6. The device of claim 3, wherein, the one or more processors are configured to perform an up-sampling process.
7. The device of claim 3, wherein, the one or more processors are configured to:
render the output of the down-sampling process for the left and right images; and
combine the left and right rendered images to generate a stereo image output.
8. The device of claim 7, wherein, the down-sampling process further comprises implementing a multi-aspect ratio method for estimating stereo disparity.
9. The device of claim 8, wherein, based upon the implementation of the multi-aspect ratio method for estimating stereo disparity in the down-sampling process, the stereo image output rendered by the down-sampling process includes stereo depth map resolution replicating original stereo depth map resolution associated with the original stereo image.
10. The device of claim 7, further comprising a display device, wherein, the one or more processors are configured to command the display of the stereo image output on the display device.

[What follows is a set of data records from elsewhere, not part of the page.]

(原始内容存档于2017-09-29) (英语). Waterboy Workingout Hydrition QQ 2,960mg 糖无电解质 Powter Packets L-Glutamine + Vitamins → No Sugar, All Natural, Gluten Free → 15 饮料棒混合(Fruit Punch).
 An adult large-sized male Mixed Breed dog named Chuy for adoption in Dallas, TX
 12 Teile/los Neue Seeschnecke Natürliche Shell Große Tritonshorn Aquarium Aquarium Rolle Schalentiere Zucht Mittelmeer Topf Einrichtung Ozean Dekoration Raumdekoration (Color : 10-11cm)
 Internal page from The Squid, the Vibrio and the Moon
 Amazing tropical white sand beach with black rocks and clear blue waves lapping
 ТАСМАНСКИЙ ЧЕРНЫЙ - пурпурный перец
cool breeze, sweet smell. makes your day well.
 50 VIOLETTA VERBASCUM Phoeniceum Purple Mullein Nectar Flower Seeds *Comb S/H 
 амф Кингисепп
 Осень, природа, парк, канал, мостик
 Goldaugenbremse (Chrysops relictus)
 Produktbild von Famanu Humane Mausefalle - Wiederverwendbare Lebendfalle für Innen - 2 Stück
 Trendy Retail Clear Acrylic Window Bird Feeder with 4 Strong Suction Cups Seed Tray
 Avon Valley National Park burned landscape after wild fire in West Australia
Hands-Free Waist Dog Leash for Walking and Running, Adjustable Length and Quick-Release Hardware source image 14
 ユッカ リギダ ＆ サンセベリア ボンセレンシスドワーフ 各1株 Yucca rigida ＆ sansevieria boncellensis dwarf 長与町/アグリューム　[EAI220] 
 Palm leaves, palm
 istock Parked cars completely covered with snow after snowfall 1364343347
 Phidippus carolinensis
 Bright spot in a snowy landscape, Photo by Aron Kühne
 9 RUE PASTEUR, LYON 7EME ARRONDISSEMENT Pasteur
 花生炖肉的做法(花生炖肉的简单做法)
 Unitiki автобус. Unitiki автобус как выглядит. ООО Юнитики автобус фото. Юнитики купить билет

11. The device of claim 5, further comprising a modem configured to transmit output from the down-sampling process to another device.
12. The device of claim 5, wherein, the one or more processors are further configured to: implement a machine learning model including down-sampling stages to implement the down-sampling process.
13. The device of claim 12, wherein, the machine learning model is a neural network.
14. The device of claim 2, wherein the asymmetric operations include the use of asymmetric space-to-depth operations in a disparity width dimension, wherein a smaller rate through division in the disparity width dimension is used than in other non-disparity dimensions.
15. The device of claim 2, wherein the asymmetric operations include the use of asymmetric depth-to-space operations in a disparity width dimension, wherein a larger rate through multiplication in the disparity width dimension is used than in other non-disparity dimensions.
16. The device of claim 2, wherein the plurality of cameras include a left camera and a right camera, wherein, the left camera is configured to capture the left image and right camera is configured to capture the right image, and the one or more processors are configured to generate both the first down-sample and the second down-sample from the left and right image, respectively.
17. A method for providing a stereo image, the method comprising:
capturing one or more images, wherein each of the images includes one or more patches, each patch including plurality of pixels;
down-sampling in a first direction on a first set of pixels in a first patch of a first image to generate a first down-sample; and
down-sampling in a second direction on a second set of pixels in a second patch of a second image to generate a second down-sample, wherein, the second down-sample includes a greater number of pixels.
18. The method of claim 17, wherein the first down-sample in the first direction is in height and the second down-sample in the second direction is in width, such that, the first and second down-sample is an asymmetric down-sample operation that includes a higher resolution in width.
19. The method of claim 18, wherein, multiple asymmetric down-sample operations are performed in a down-sampling process, each asymmetric down-sample operation including a width-to-height aspect ratio.
20. A non-transitory computer-readable data storage medium having stored thereon instructions that, when executed, cause one or more processors to:
capture one or more images, wherein each of the images includes one or more patches, each patch including plurality of pixels;
down-sample in a first direction on a first set of pixels in a first patch of a first image to generate a first down-sample; and
down-sample in a second direction on a second set of pixels in a second patch of a second image to generate a second down-sample, wherein, the second down-sample includes a greater number of pixels.